[Image-text web data]

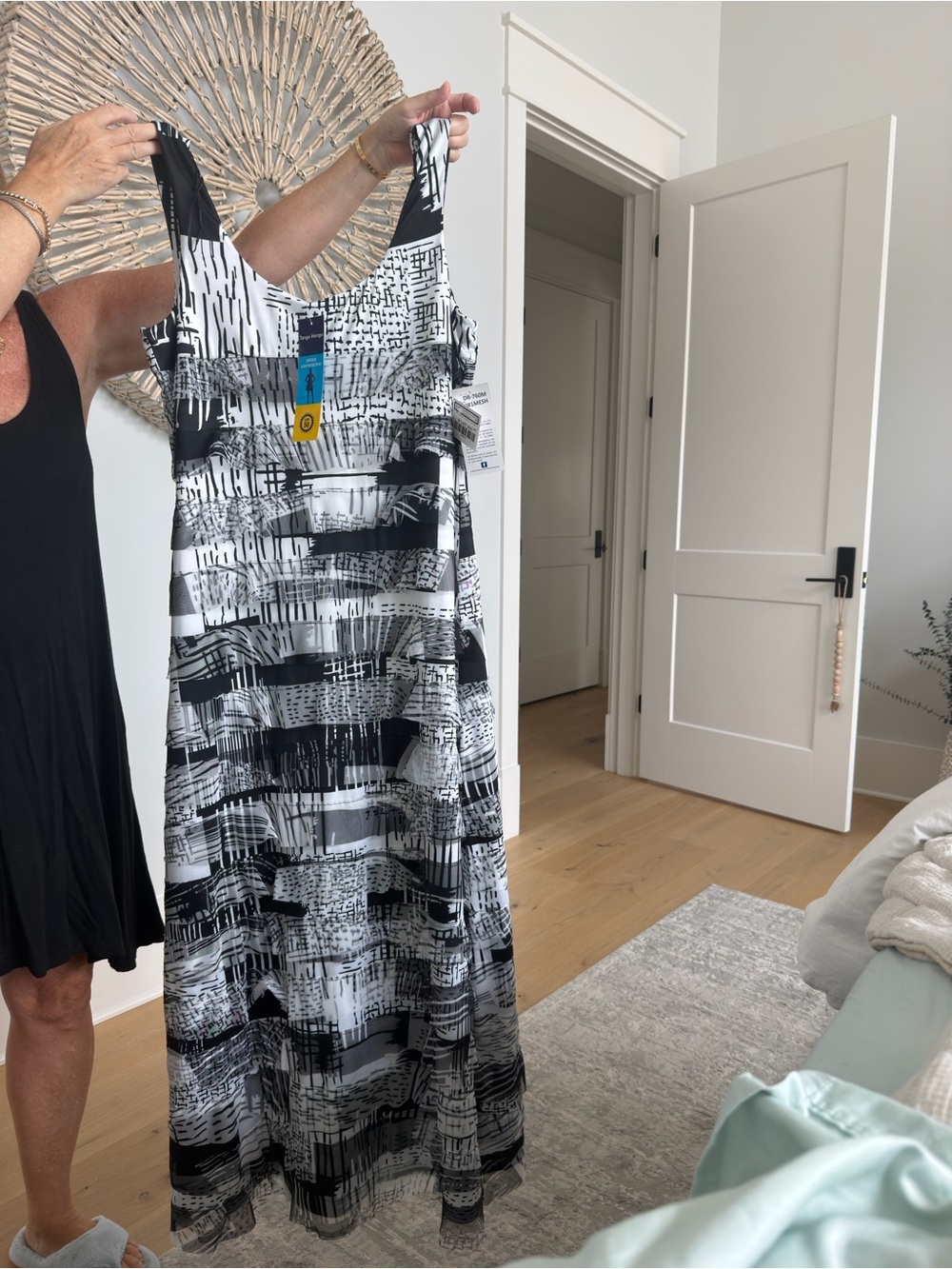 Black & White Abstract Print Maxi Dress, Sleeveless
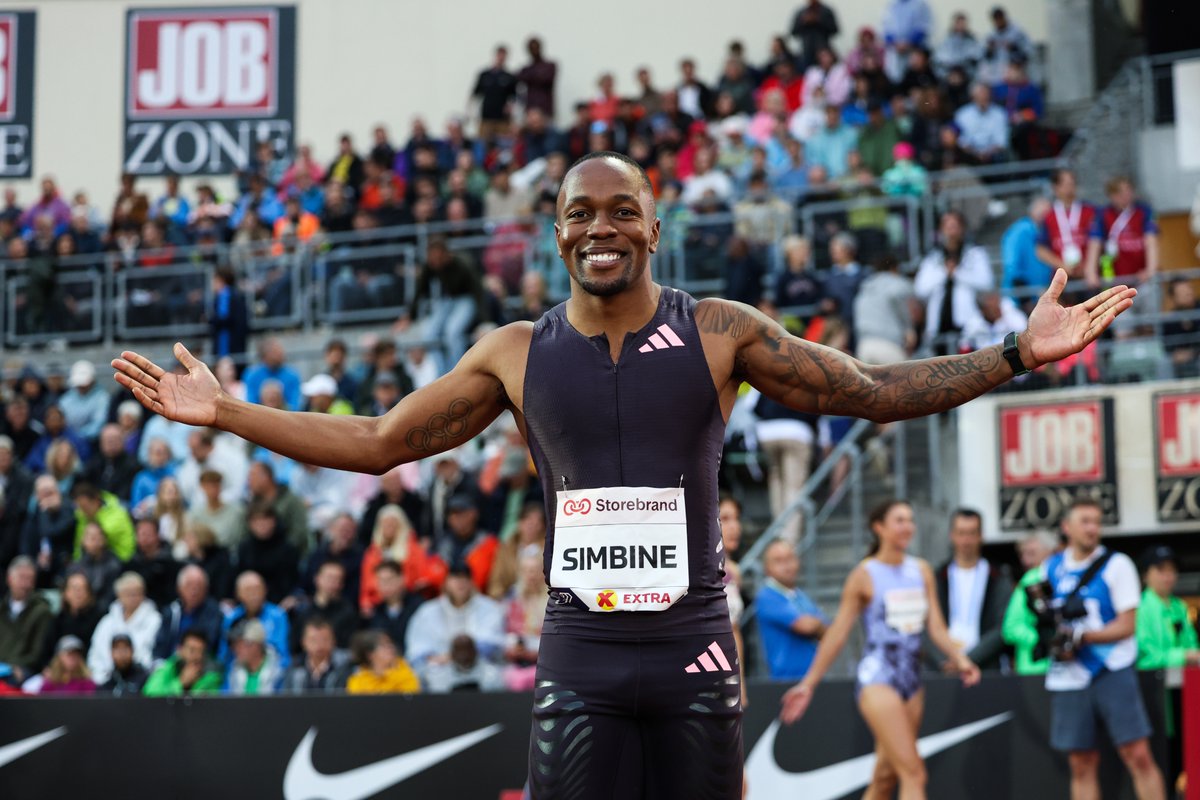 The king of consistency 🙌 @AkaniSimbine sprints to the @BislettGames 100m victory in 9.94 💪 📸 @GorczynskaMarta #DiamondLeague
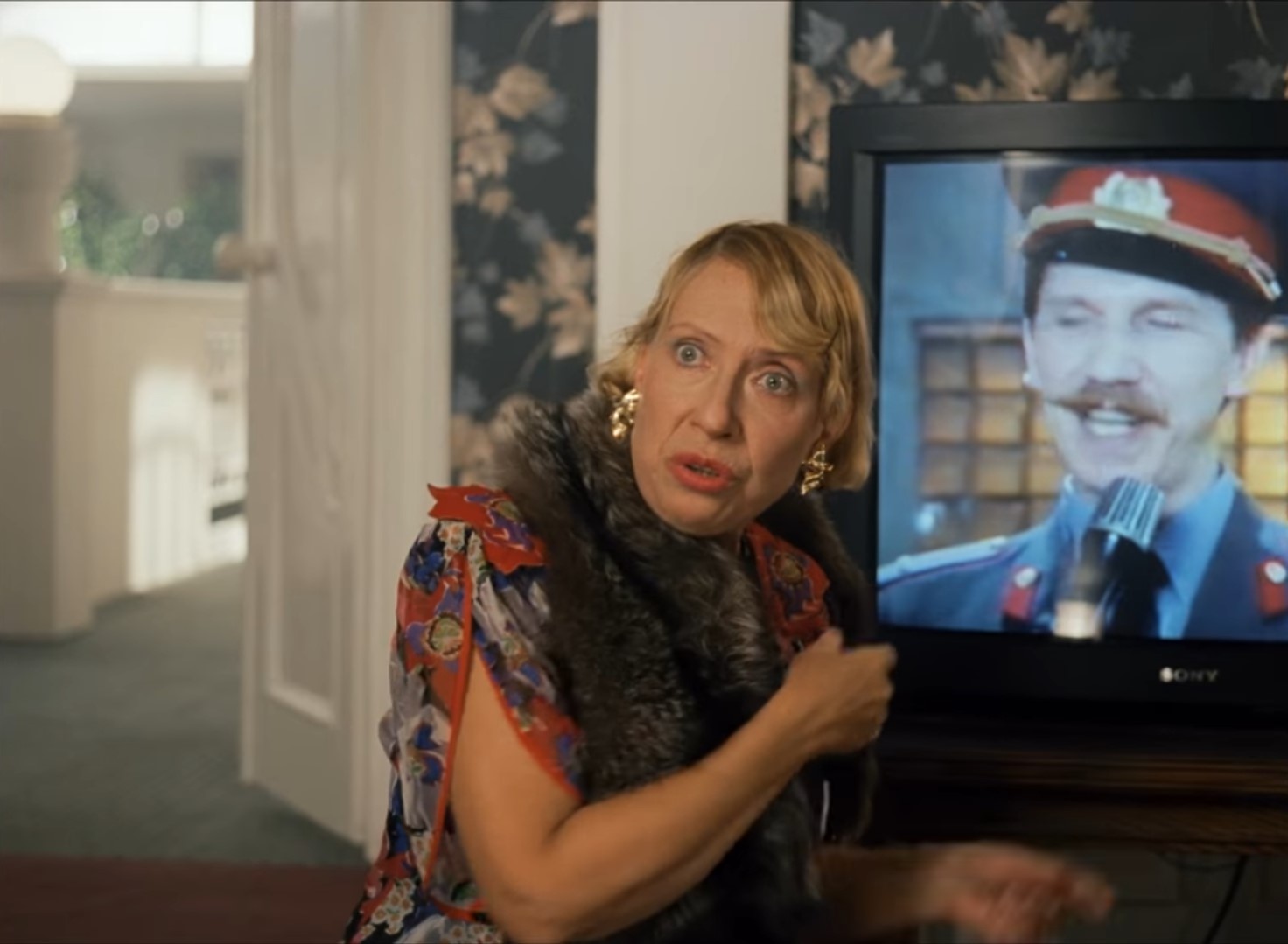 На предыдущем допросе вы, гражданка, показывали, что сиську двое просило...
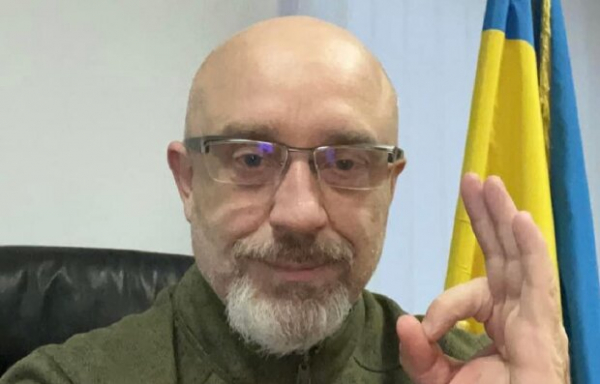 Глава Минобороны Алексей Резников предупредил украинцев, что готовится "новая волна": все должны знать Глава Минобороны Алексей Резников предупредил украинцев, что готовится "новая волна": все должны знать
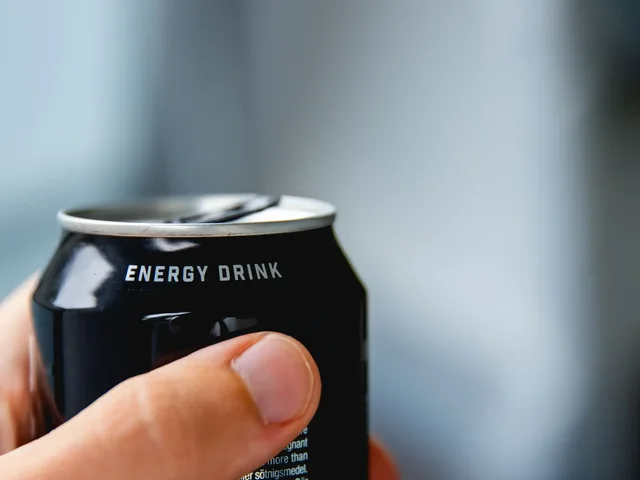 OBSH ngre alarmin: Ndal pijeve energjike dhe me sheqer! Shkaktojnë kancer, mbipeshë, diabet dhe problem dentare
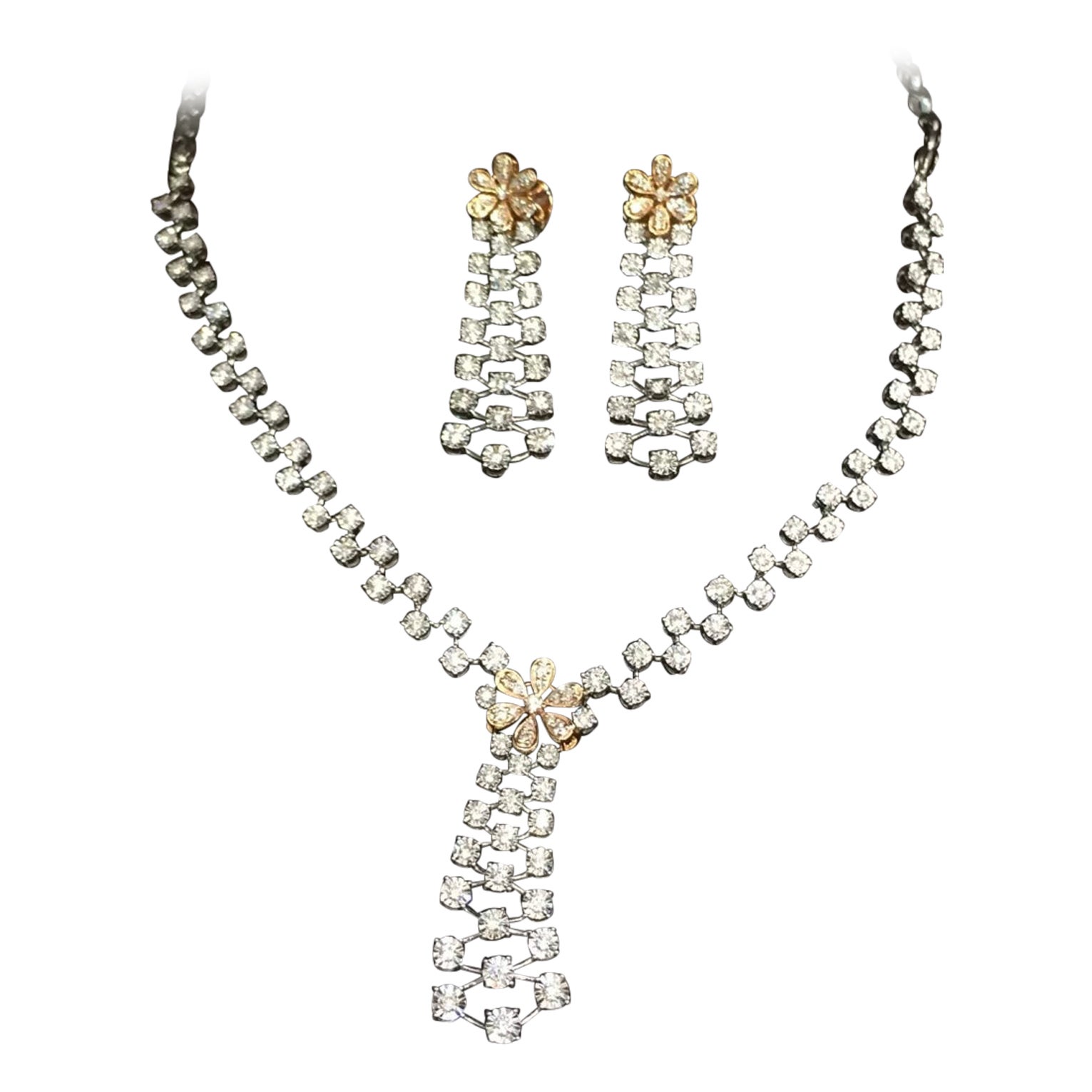 3.52 Quilates Diamantes Naturales Flores Oro Parure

> **Assignment**:
All records, pictures excluded: copy them exactly.

> **Result of this exercise**:
 Black & White Abstract Print Maxi Dress, Sleeveless
 The king of consistency 🙌 @AkaniSimbine sprints to the @BislettGames 100m victory in 9.94 💪 📸 @GorczynskaMarta #DiamondLeague
 На предыдущем допросе вы, гражданка, показывали, что сиську двое просило...
 Глава Минобороны Алексей Резников предупредил украинцев, что готовится "новая волна": все должны знать Глава Минобороны Алексей Резников предупредил украинцев, что готовится "новая волна": все должны знать
 OBSH ngre alarmin: Ndal pijeve energjike dhe me sheqer! Shkaktojnë kancer, mbipeshë, diabet dhe problem dentare
 3.52 Quilates Diamantes Naturales Flores Oro Parure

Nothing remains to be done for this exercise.